Exercise requirements » Pictures left aside, return the lines below exactly, from the one with "Identificador de maleta" to the end, including both ends.

(Extracted entries Opens)

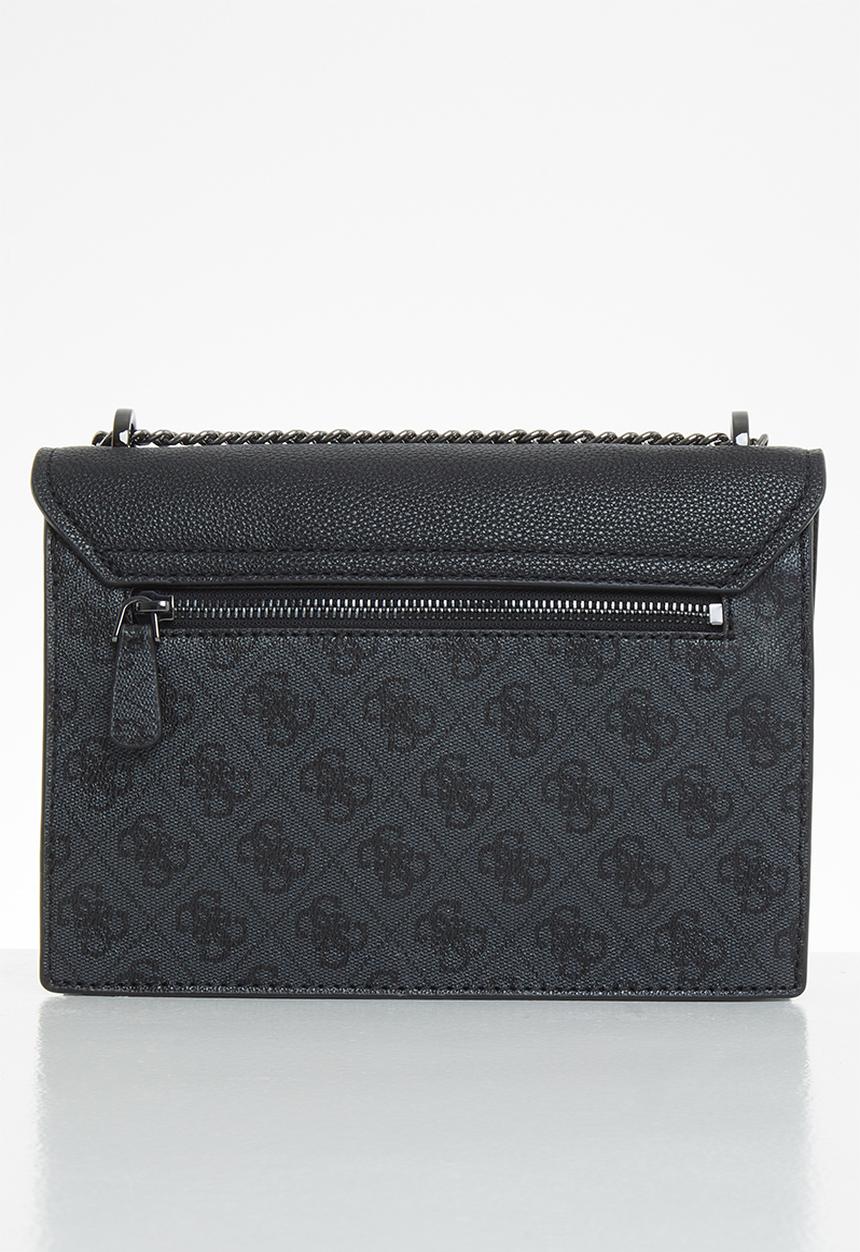 GUESS - Valy convertible xbody flap - charcoal 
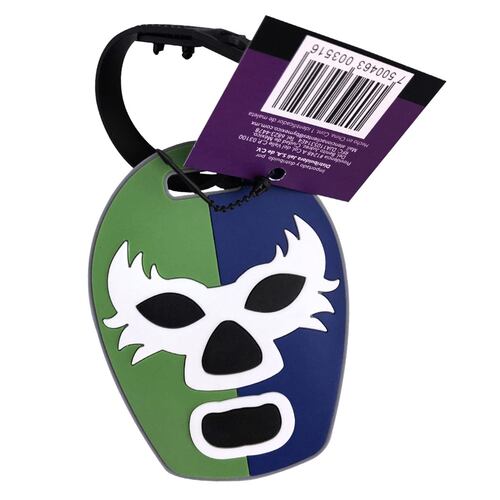 Identificador de maleta máscara verde azul By México
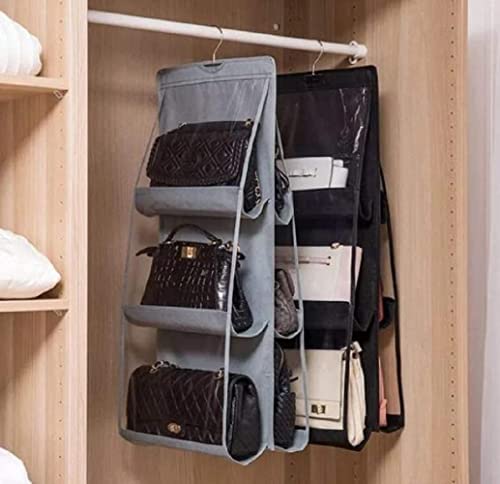 GUAGLL Wardrobe Storage Bag for Handbag Non-Woven Tote Bag Storage Wall Hanging Bag Finishing Storage Bag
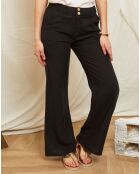 Pantalon 100% Lin Riga noir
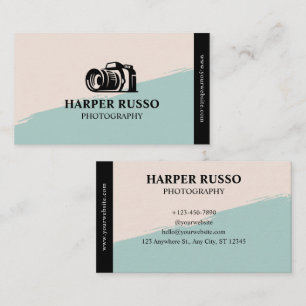 Custom Branded Professional Photography  Business Card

(Extracted entries Closes)

Solution for this problem »
 Identificador de maleta máscara verde azul By México
 GUAGLL Wardrobe Storage Bag for Handbag Non-Woven Tote Bag Storage Wall Hanging Bag Finishing Storage Bag
 Pantalon 100% Lin Riga noir
 Custom Branded Professional Photography  Business Card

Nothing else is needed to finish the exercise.